Dataset excerpts
───

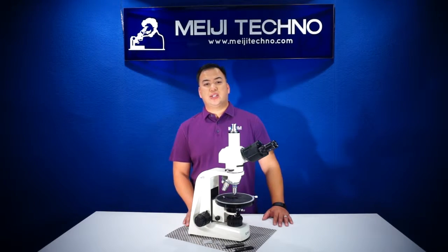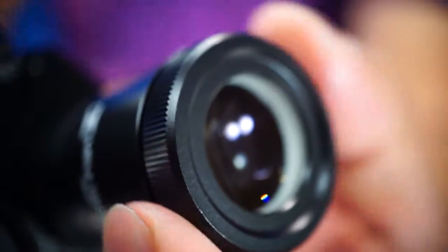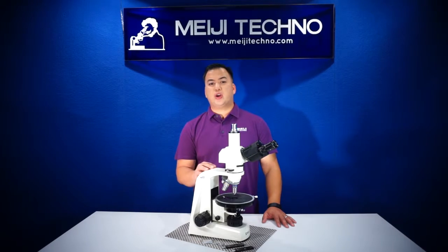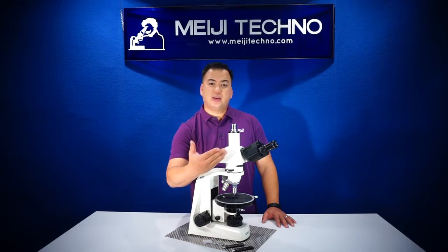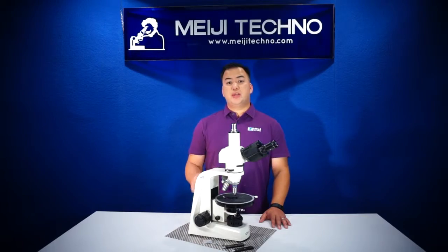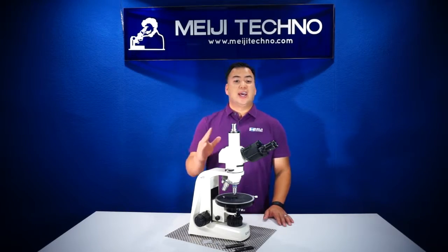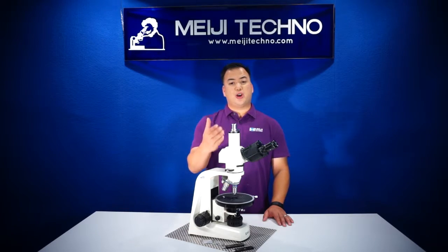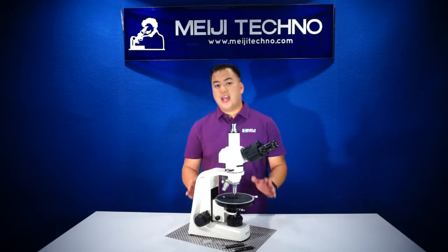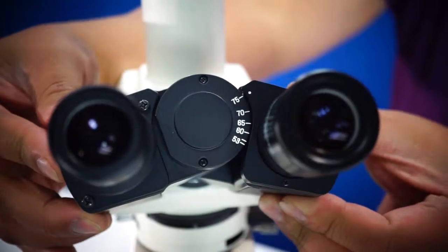The MT-9000 series is equipped with 110X eyepiece and 110X focusing eyepiece with a cross-line reticle. Available with a side-on top binocular or trinocular head inclined at 30 degrees. The trinocular head comes with an 80-20 beam splitter for image or video capture, meaning 80% of the light travels to the trinocular tube while 20% travels through the eyepieces. All heads have an interpupillary distance of 53 to 75 millimeters.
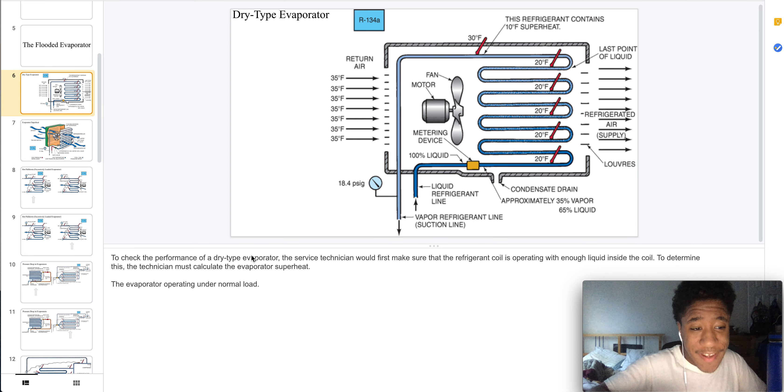Welcome to part 17 of commercial refrigeration. Here's the dry type evaporator.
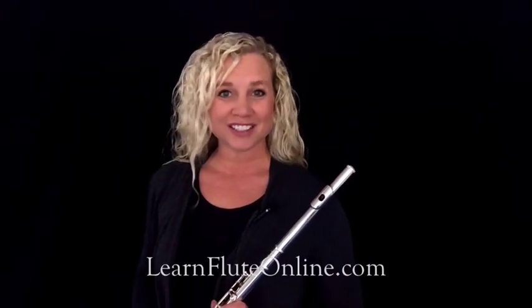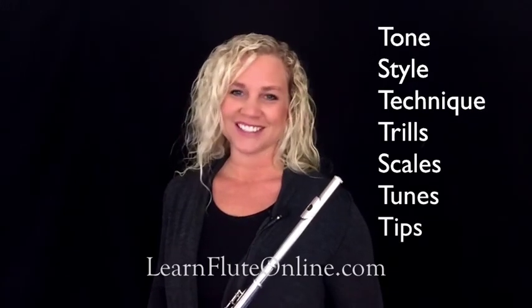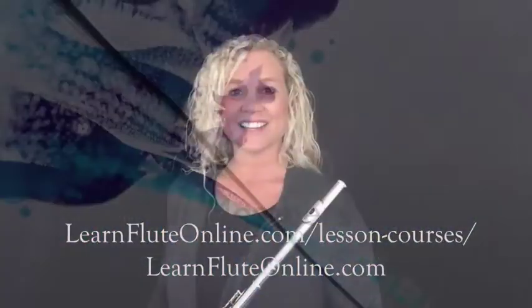Hi, I'm Rebecca Fuller, the expert over at LearnFluteOnline.com. Feel free to hop on over to LearnFluteOnline.com and get yourself signed up for lots more video lessons. We'll see you later.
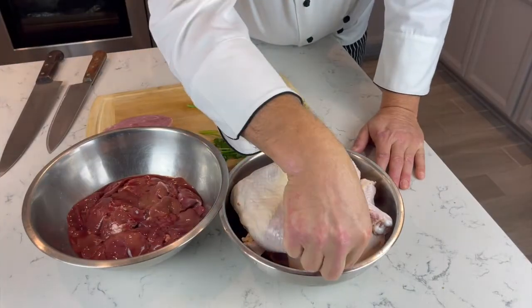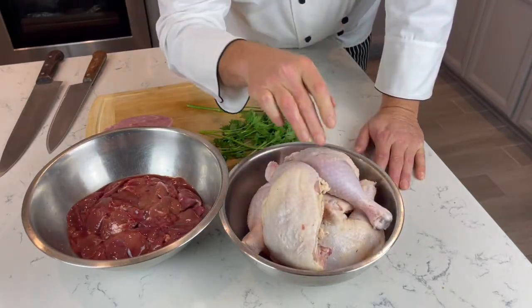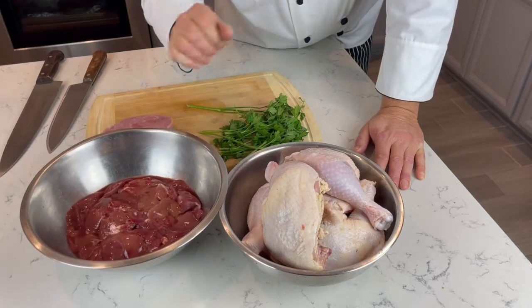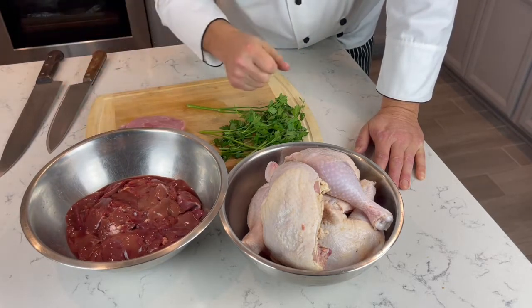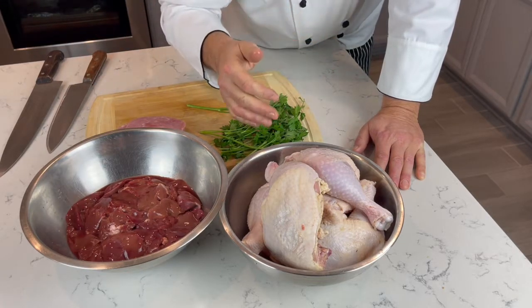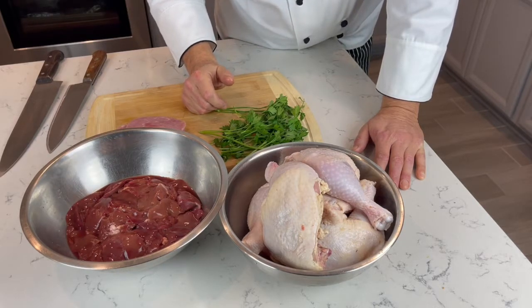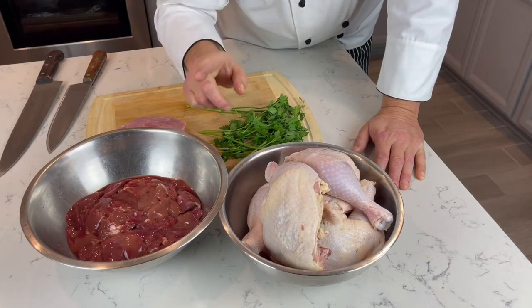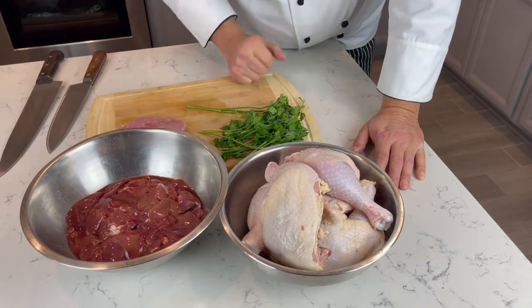It is complicated but the results are amazing. I love this recipe and just want to share it with you. These are my ingredients - we're going to trim it and I'll show you how. I have chicken liver, a little parsley, a little ham. You don't have to use ham - if you don't eat pork, it can be smoked turkey breast, which is good with this recipe too.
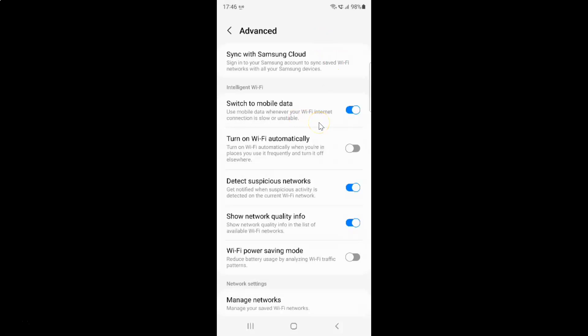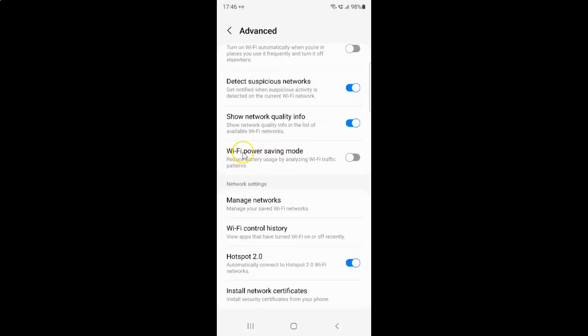Then scroll down to Wi-Fi power saving mode. Here is the Wi-Fi power saving mode option, which reduces battery usage by analyzing Wi-Fi traffic patterns. Currently it's disabled — you can see the toggle button is disabled next to it.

───

• [TASK GOAL]:
Copy all entries exactly; skip pictures.

• [RESPONSE]:
The MT-9000 series is equipped with 110X eyepiece and 110X focusing eyepiece with a cross-line reticle. Available with a side-on top binocular or trinocular head inclined at 30 degrees. The trinocular head comes with an 80-20 beam splitter for image or video capture, meaning 80% of the light travels to the trinocular tube while 20% travels through the eyepieces. All heads have an interpupillary distance of 53 to 75 millimeters.
Welcome to part 17 of commercial refrigeration. Here's the dry type evaporator.
Hi, I'm Rebecca Fuller, the expert over at LearnFluteOnline.com. Feel free to hop on over to LearnFluteOnline.com and get yourself signed up for lots more video lessons. We'll see you later.
It is complicated but the results are amazing. I love this recipe and just want to share it with you. These are my ingredients - we're going to trim it and I'll show you how. I have chicken liver, a little parsley, a little ham. You don't have to use ham - if you don't eat pork, it can be smoked turkey breast, which is good with this recipe too.
Then scroll down to Wi-Fi power saving mode. Here is the Wi-Fi power saving mode option, which reduces battery usage by analyzing Wi-Fi traffic patterns. Currently it's disabled — you can see the toggle button is disabled next to it.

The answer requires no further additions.